• _What is needed_
Your answer should contain only the lines from the top of the data below down through the one with "This knit cardigan", transcribed exactly and without pictures; please include nothing more.

• _Collected data entries_
○ ○ ○ ○ ○ ○ ○
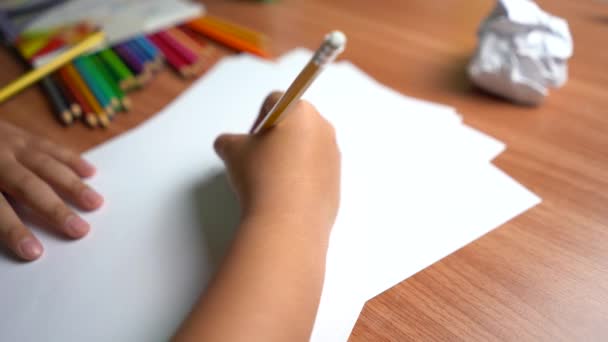 Kleine hand van Kid schrijven op papier - Video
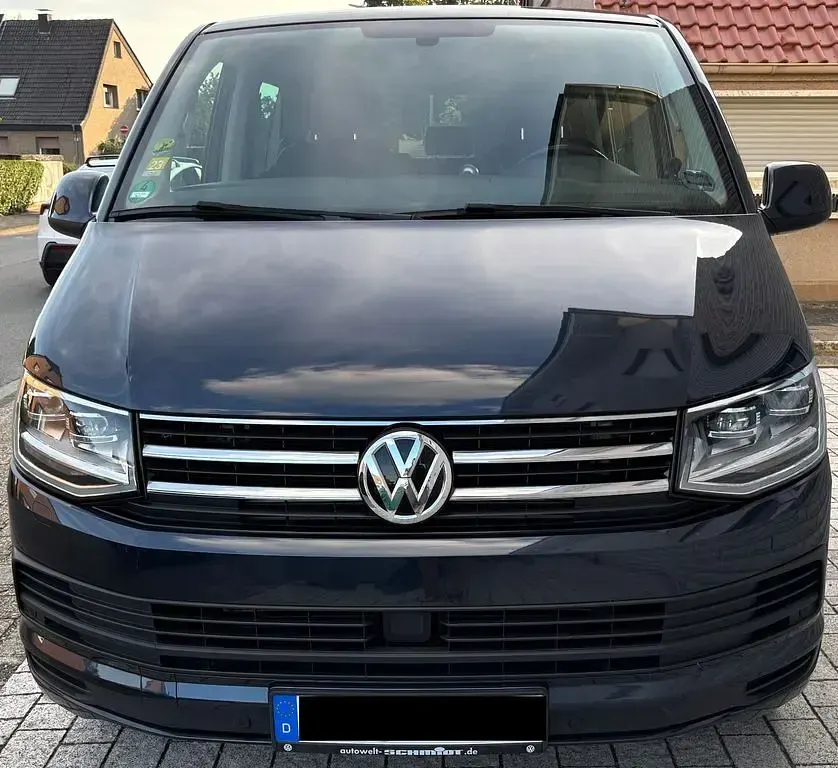 Gebraucht VW Multivan Comfortline 204 PS (150 kW) 2018 Blau Van / Kleinbus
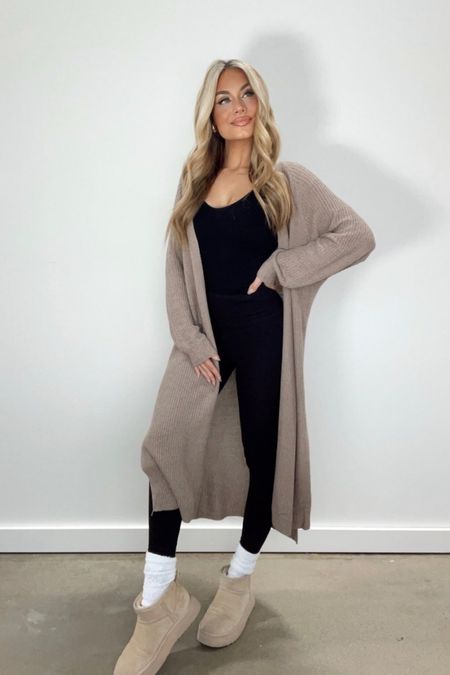 This knit cardigan is so comfy and cute paired with a jumpsuit 🖤 


checkered print, cardigans, baggy jeans, destroyed denim, Cargo pants, camo pants, Nike dunk dupes, grunge style, boho salon decor, coffee table, disco ball, gold floor mirror, boho home decor, hairstylist outfits, date night looks, area rugs, make up bag, gym essentials, travel essentials, workout clothes, street style, claw clips, uggs, Easter dress, Valentine's Day, lane201, casual outfits, cozy sweaterr

#LTKMostLoved #LTKtravel #LTKstyletip
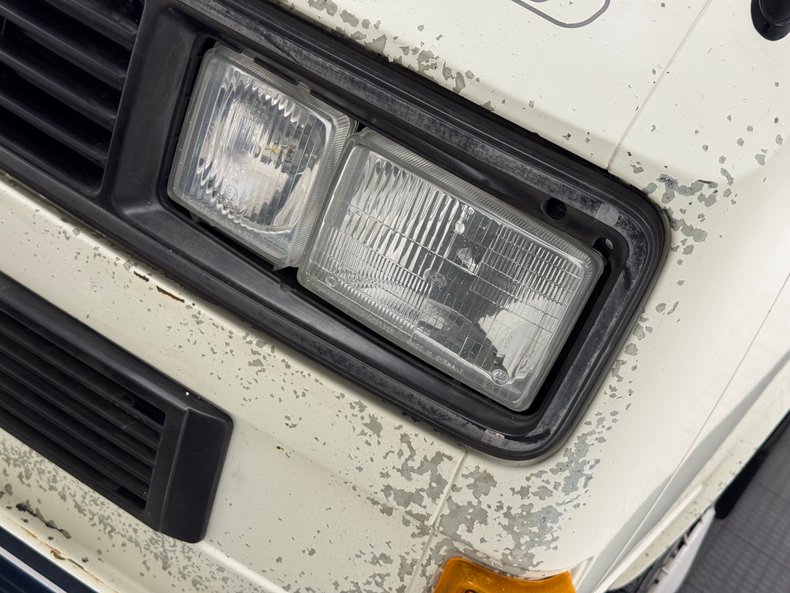 Volkswagen-Vanagon-1987-Pastel-White-Gray-7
○ ○ ○ ○ ○ ○ ○
• _Solution to the exercise_
 Kleine hand van Kid schrijven op papier - Video
 Gebraucht VW Multivan Comfortline 204 PS (150 kW) 2018 Blau Van / Kleinbus
 This knit cardigan is so comfy and cute paired with a jumpsuit 🖤 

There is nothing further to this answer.